Tavern Restaurant in the Dylan Hotel has had a makeover, or perhaps it’s a make under. Gone is the Celtic Tiger decadence, replaced by still contemporary design, but somewhat more low-key. This has always been a fine room; now the dining is still fine, but a talented chef and Maitre’d have transformed it into a more casual operation, albeit one in surroundings almost as delicious as the food.
This super cool boutique hotel is undeniably smart and sexy, with a clientele to match. The Dylan is eclectic and exuberant, and the perfect antidote to depression, whether financial or spiritual. The cocktail bar is super chic and it has one of the best terrace areas in the city, which on a sunny day is generally packed from early on.
Tavern sits between the front and back terraces and when the doors are open in good weather, the restaurant becomes part of the outside, and vice versa. Beautifully presented food can be seen winging their way outside to the peckish patrons, which is just another element to the people watching party that is the Dylan. Even in winter the outside is busy, with customer kept cosy with gas heaters and fleecy blankets.
The dinner menu is short, with an emphasis on fish, which Chef Mark Bodie not unreasonably believes is a natural choice for a small island nation surrounded by water. Starters include crab meat and citrus fruit with compressed melon, Toonsbridge Mozzarella salad, Brandy bay oysters, seared scallops and an Irish pork tasting plate. Prices are reasonable for a hotel of this calibre, running from €7 to €14 for the scallops. Main courses offer four fish dishes, one duck and one steak. Choose from roast halibut, hake en papilotte, John Stone rib eye steak or Silverhill duck with prices in the late twenties.
Having chosen from the A la Carte, we are soon seated with sparkling water and a glass of Chablis for the pretty side of the table. An amuse Bouche based on the scallop starter makes an appearance, with a tiny glass of the vegetable soup, and it dies the job of getting the taste buds going.
Deirdre started with the Toonsbridge mozzarella with heritage tomato and basil quinoa; a contemporary take on a Caprese salad, with slivers of frozen Bloody Mary dressing grated over the top, adding an element of theatre to this very successful variation on an Italian classic. I had the pork plate, and the pork roulade was a piggy explosion of flavour, moist and delicious, while a small cone of homemade black pudding was delicate and nicely spiced. The smoked pork belly was equally good, and the elements came together perfectly.

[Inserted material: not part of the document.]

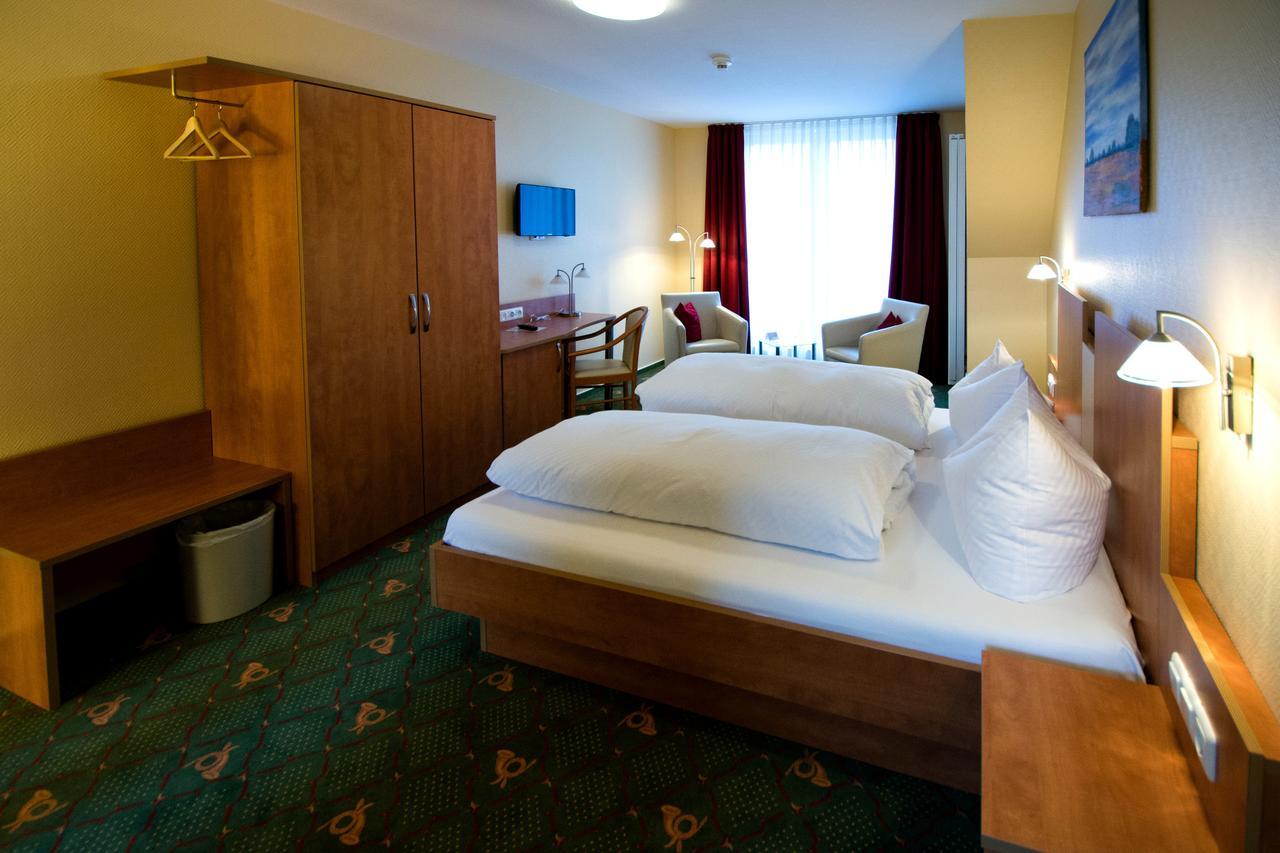 Hotel Garni Zur Alten Post レンブルッフ エクステリア 写真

Our main courses were both from the fish side of the menu; Deidre went with the roast halibut, which came perfectly cooked with lobster meat, mussels, spinach ratatouille and smoked tomato water poured at the table. This was a classic fish dish, with the shellfish adding depth and flavour, while a side order of the more-ish triple cooked chips with delicious.
I had the fish plate, which was a more contemporary dish, which looked splendid with a splash of beetroot exploding across the plate, with the monkfish cheeks and cod brandade balls carefully placed on the plate. A side dish of crab and beetroot risotto was a small bowl of ruby rice with an almost sweet flavour from added limoncello.
We almost couldn’t manage dessert, but in the interests of research managed to find space in the dessert tummy for a melting Valrhona sphere filled with cherries and strawberry flavours, which was light and delicious.
Deirdre finished off with a small Christmas pudding cocktail, while I made do with a very good coffee. Tavern is a great new addition to The Dylan, and with a fine chef and front of house team, things can only go from strength to strength. Dylan is still one of the sexiest spots in the city, and dinner in Tavern was a pleasure.
**Tavern has a great new brunch menu as well, and a look through it makes it a definite stop over one of these weekends. I can feel the eggs Benedict and Dylan burger calling.